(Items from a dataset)
Segment Open
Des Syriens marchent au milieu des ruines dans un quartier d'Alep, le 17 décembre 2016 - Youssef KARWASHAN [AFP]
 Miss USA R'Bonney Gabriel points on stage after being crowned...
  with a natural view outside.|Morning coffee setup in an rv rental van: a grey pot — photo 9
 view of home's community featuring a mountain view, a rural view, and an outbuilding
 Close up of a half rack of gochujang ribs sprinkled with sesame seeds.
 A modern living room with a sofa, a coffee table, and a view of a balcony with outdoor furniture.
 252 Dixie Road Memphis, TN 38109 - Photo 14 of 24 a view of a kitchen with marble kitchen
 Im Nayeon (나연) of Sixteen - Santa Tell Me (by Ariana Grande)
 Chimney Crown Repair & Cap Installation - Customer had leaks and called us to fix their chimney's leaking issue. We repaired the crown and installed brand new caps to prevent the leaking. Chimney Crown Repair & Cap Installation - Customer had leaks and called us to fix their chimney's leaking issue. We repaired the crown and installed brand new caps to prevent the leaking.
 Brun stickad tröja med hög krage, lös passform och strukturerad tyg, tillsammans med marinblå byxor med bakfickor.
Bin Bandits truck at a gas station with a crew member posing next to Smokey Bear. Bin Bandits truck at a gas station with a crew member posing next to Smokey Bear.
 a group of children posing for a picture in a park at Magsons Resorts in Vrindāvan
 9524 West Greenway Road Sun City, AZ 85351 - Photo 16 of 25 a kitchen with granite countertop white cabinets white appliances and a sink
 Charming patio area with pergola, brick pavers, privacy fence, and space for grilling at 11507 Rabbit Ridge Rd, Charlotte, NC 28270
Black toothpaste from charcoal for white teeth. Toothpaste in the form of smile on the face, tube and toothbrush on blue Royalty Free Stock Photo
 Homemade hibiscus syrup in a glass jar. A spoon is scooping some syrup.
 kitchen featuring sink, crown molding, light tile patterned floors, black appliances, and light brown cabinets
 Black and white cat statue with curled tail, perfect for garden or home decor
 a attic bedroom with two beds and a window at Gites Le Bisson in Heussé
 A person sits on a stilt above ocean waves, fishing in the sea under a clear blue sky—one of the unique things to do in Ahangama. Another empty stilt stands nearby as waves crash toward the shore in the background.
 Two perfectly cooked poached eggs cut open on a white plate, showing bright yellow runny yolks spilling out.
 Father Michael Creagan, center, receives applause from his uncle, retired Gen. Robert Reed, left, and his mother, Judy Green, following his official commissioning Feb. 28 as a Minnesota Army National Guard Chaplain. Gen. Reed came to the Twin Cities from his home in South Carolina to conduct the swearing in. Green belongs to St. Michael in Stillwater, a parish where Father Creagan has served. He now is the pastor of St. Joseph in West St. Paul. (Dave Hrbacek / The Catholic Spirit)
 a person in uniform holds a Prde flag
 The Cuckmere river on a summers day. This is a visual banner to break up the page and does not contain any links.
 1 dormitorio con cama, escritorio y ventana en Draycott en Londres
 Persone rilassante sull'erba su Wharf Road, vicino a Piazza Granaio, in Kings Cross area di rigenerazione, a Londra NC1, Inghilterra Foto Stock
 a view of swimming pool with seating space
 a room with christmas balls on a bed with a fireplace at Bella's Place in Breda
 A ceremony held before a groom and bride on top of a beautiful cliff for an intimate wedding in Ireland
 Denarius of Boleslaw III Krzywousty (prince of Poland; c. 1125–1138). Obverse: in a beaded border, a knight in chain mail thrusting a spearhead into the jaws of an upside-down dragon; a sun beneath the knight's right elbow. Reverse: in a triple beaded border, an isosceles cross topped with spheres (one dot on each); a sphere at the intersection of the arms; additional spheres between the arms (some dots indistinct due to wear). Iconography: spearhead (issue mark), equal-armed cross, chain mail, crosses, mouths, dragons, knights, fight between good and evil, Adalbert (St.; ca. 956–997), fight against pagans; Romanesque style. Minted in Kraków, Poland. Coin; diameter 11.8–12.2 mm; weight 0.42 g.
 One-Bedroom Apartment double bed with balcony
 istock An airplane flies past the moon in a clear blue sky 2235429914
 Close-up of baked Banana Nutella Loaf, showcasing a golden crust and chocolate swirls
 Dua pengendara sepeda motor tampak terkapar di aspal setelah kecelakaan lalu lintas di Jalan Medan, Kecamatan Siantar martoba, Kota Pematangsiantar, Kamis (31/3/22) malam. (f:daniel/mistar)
Segment Closed
### What the exercise asks
Copy every record exactly.

### Response area
Des Syriens marchent au milieu des ruines dans un quartier d'Alep, le 17 décembre 2016 - Youssef KARWASHAN [AFP]
 Miss USA R'Bonney Gabriel points on stage after being crowned...
  with a natural view outside.|Morning coffee setup in an rv rental van: a grey pot — photo 9
 view of home's community featuring a mountain view, a rural view, and an outbuilding
 Close up of a half rack of gochujang ribs sprinkled with sesame seeds.
 A modern living room with a sofa, a coffee table, and a view of a balcony with outdoor furniture.
 252 Dixie Road Memphis, TN 38109 - Photo 14 of 24 a view of a kitchen with marble kitchen
 Im Nayeon (나연) of Sixteen - Santa Tell Me (by Ariana Grande)
 Chimney Crown Repair & Cap Installation - Customer had leaks and called us to fix their chimney's leaking issue. We repaired the crown and installed brand new caps to prevent the leaking. Chimney Crown Repair & Cap Installation - Customer had leaks and called us to fix their chimney's leaking issue. We repaired the crown and installed brand new caps to prevent the leaking.
 Brun stickad tröja med hög krage, lös passform och strukturerad tyg, tillsammans med marinblå byxor med bakfickor.
Bin Bandits truck at a gas station with a crew member posing next to Smokey Bear. Bin Bandits truck at a gas station with a crew member posing next to Smokey Bear.
 a group of children posing for a picture in a park at Magsons Resorts in Vrindāvan
 9524 West Greenway Road Sun City, AZ 85351 - Photo 16 of 25 a kitchen with granite countertop white cabinets white appliances and a sink
 Charming patio area with pergola, brick pavers, privacy fence, and space for grilling at 11507 Rabbit Ridge Rd, Charlotte, NC 28270
Black toothpaste from charcoal for white teeth. Toothpaste in the form of smile on the face, tube and toothbrush on blue Royalty Free Stock Photo
 Homemade hibiscus syrup in a glass jar. A spoon is scooping some syrup.
 kitchen featuring sink, crown molding, light tile patterned floors, black appliances, and light brown cabinets
 Black and white cat statue with curled tail, perfect for garden or home decor
 a attic bedroom with two beds and a window at Gites Le Bisson in Heussé
 A person sits on a stilt above ocean waves, fishing in the sea under a clear blue sky—one of the unique things to do in Ahangama. Another empty stilt stands nearby as waves crash toward the shore in the background.
 Two perfectly cooked poached eggs cut open on a white plate, showing bright yellow runny yolks spilling out.
 Father Michael Creagan, center, receives applause from his uncle, retired Gen. Robert Reed, left, and his mother, Judy Green, following his official commissioning Feb. 28 as a Minnesota Army National Guard Chaplain. Gen. Reed came to the Twin Cities from his home in South Carolina to conduct the swearing in. Green belongs to St. Michael in Stillwater, a parish where Father Creagan has served. He now is the pastor of St. Joseph in West St. Paul. (Dave Hrbacek / The Catholic Spirit)
 a person in uniform holds a Prde flag
 The Cuckmere river on a summers day. This is a visual banner to break up the page and does not contain any links.
 1 dormitorio con cama, escritorio y ventana en Draycott en Londres
 Persone rilassante sull'erba su Wharf Road, vicino a Piazza Granaio, in Kings Cross area di rigenerazione, a Londra NC1, Inghilterra Foto Stock
 a view of swimming pool with seating space
 a room with christmas balls on a bed with a fireplace at Bella's Place in Breda
 A ceremony held before a groom and bride on top of a beautiful cliff for an intimate wedding in Ireland
 Denarius of Boleslaw III Krzywousty (prince of Poland; c. 1125–1138). Obverse: in a beaded border, a knight in chain mail thrusting a spearhead into the jaws of an upside-down dragon; a sun beneath the knight's right elbow. Reverse: in a triple beaded border, an isosceles cross topped with spheres (one dot on each); a sphere at the intersection of the arms; additional spheres between the arms (some dots indistinct due to wear). Iconography: spearhead (issue mark), equal-armed cross, chain mail, crosses, mouths, dragons, knights, fight between good and evil, Adalbert (St.; ca. 956–997), fight against pagans; Romanesque style. Minted in Kraków, Poland. Coin; diameter 11.8–12.2 mm; weight 0.42 g.
 One-Bedroom Apartment double bed with balcony
 istock An airplane flies past the moon in a clear blue sky 2235429914
 Close-up of baked Banana Nutella Loaf, showcasing a golden crust and chocolate swirls
 Dua pengendara sepeda motor tampak terkapar di aspal setelah kecelakaan lalu lintas di Jalan Medan, Kecamatan Siantar martoba, Kota Pematangsiantar, Kamis (31/3/22) malam. (f:daniel/mistar)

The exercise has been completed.